I cannot access a portion of my land for them, the old pathway that I used to use washed away during a heavy rainstorm so I need make a new path so I can attend to my land and bring income into both my pockets and this blessed region. But if I cannot gain access I am going to be stumped.

Honestly you would think it would be so simple getting such info, correct info that is, not a bit, not with this lot. So I thought to check if any of you guys know anything about this subject and go from there.

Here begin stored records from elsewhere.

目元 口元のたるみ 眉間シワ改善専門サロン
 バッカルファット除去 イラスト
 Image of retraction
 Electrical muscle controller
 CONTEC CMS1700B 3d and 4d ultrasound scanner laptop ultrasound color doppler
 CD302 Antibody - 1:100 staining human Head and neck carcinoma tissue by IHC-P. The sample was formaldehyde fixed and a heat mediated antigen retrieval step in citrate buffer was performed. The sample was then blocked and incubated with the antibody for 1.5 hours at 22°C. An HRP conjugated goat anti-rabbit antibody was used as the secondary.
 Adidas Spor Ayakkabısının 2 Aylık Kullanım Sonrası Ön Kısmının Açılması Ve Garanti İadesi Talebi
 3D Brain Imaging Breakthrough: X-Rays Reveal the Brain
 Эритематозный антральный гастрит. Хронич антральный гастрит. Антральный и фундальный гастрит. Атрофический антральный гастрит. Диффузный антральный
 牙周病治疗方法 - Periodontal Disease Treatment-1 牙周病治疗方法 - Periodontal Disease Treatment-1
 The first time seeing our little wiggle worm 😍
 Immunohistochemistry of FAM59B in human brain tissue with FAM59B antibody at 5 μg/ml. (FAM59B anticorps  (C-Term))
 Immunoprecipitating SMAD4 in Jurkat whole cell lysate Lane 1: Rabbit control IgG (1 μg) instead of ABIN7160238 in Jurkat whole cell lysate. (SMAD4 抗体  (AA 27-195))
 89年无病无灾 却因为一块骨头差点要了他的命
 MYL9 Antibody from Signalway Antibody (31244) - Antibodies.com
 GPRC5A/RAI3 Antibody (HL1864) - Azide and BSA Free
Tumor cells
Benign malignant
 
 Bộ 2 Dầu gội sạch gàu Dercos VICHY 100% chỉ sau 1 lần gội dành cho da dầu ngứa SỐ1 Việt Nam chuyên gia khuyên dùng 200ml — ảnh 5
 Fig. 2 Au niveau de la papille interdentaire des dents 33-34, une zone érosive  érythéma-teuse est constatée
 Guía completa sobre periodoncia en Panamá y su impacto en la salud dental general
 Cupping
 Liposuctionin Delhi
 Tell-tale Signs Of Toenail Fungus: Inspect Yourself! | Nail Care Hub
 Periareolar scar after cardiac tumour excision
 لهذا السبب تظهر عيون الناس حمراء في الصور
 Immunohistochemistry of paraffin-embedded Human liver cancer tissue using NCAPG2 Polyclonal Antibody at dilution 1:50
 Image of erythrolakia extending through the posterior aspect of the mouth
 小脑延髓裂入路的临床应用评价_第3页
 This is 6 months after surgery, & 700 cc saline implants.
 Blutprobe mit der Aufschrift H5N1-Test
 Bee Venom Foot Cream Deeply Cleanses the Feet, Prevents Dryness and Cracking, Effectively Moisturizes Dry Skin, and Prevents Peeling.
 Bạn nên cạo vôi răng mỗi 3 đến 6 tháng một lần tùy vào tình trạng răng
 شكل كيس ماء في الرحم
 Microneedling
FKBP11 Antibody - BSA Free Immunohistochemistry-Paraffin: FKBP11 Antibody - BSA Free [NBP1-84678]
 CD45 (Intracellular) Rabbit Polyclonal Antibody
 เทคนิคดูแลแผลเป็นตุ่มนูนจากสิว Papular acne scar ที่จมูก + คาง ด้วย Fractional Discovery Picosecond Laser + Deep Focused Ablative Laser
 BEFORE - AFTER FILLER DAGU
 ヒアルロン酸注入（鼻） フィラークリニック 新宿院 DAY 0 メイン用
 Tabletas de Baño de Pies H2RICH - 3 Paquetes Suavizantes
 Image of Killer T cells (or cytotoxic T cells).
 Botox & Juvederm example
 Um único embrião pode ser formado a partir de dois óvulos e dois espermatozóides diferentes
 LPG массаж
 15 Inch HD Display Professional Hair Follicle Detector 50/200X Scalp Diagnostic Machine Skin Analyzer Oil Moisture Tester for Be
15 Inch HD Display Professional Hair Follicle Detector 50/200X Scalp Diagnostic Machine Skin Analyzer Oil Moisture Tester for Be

Thanks in advance. :fingerscrossed: I can cut the blooming things down, and apologise if this sort of thread has been posted before. I did a search but couldnt find anything specifically relating to the cutting down of pines.


----------



## snikpoh (Nov 19, 2007)

JoCatalunya said:


> Can anyone shed any light regarding the question of whether or not I can cut down pine trees.
> 
> I recently went down to the Media Ambiente Office here in Catalunya and was told by one official that I cannot cut down pine trees, whilst another told me I could.
> 
> ...


We have loads and can't cut them down.

We've raised the canopy by cutting off loads of lower branches - this gives loads of light in that area now.

Last year one of the trees became dangerously loose so just had to be cut down :wink: :wink:


----------



## gus-lopez (Jan 4, 2010)

I thought that there was a law in Spain preventing cutting down any tree, going back to Franco's time when the government gave out free tree's for re-forestation then brought in a law to prevent felling ? Sounds about right. 
I do recall on another forum in Andalucia that someone who wished to fell two trees, as the roots were affecting the property, enquired at the council ,who weren't too sure, so they sent someone out to inspect & they said it would be ok & they would send him a confirmation lettter. They did , along with a licence requiring him to pay nigh on 1000€+iva !!!!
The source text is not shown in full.